With pictures omitted, copy exactly the lines from the one containing "青海拉卜楞寺是藏學府，也是天下無賊取景地。" through the end of the records below.
*** Raw data Section Begins ***
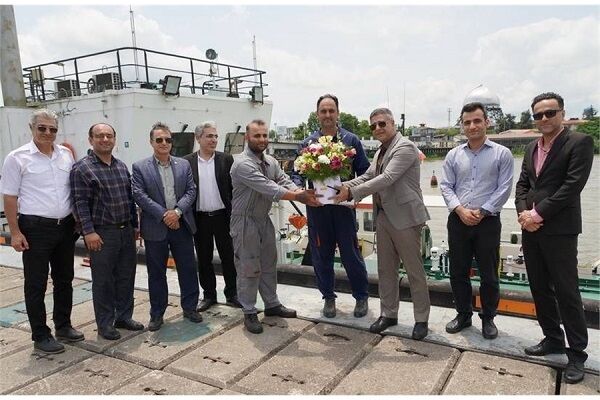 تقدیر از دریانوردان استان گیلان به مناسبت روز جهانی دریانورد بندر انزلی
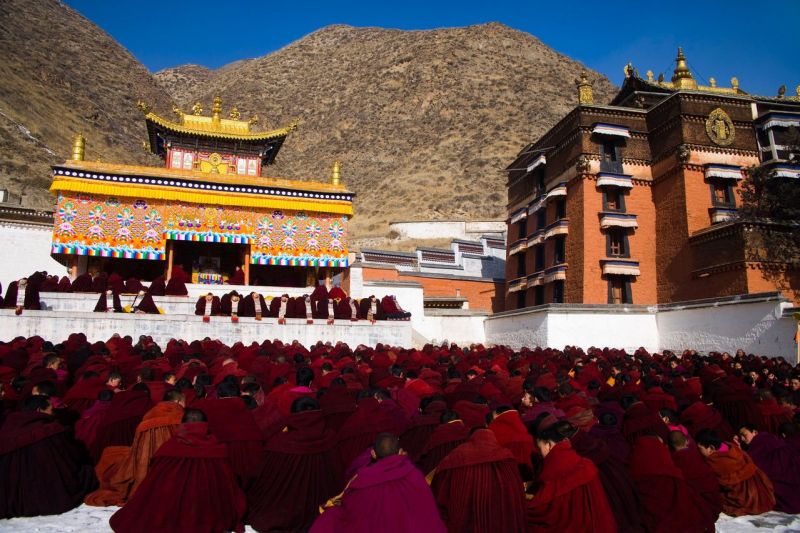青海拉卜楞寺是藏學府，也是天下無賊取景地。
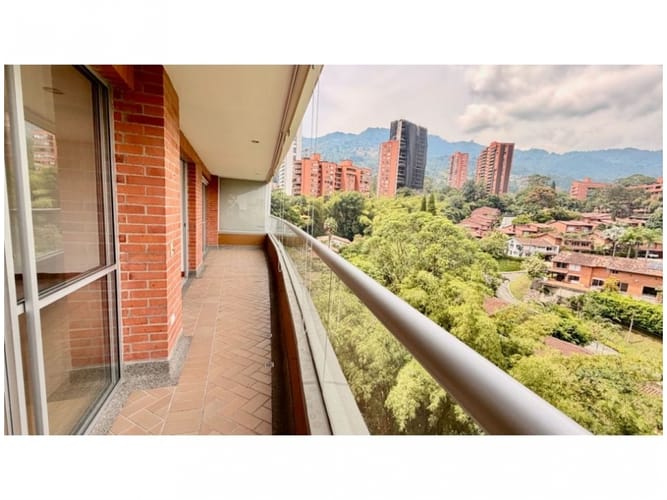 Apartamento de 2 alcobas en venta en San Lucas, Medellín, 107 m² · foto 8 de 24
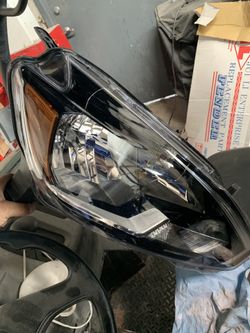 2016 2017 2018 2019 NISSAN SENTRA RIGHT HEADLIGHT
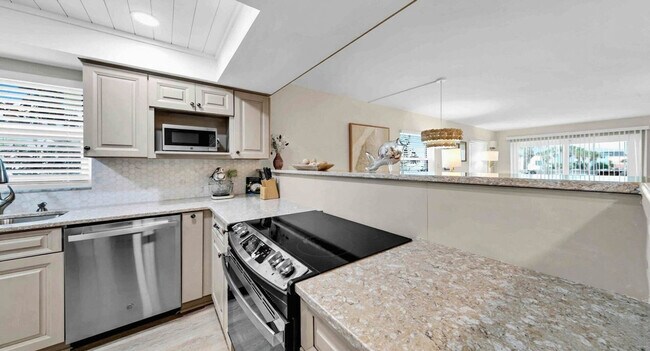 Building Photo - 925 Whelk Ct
*** Raw data Section Ends ***
### [Written answer]
青海拉卜楞寺是藏學府，也是天下無賊取景地。
 Apartamento de 2 alcobas en venta en San Lucas, Medellín, 107 m² · foto 8 de 24
 2016 2017 2018 2019 NISSAN SENTRA RIGHT HEADLIGHT
 Building Photo - 925 Whelk Ct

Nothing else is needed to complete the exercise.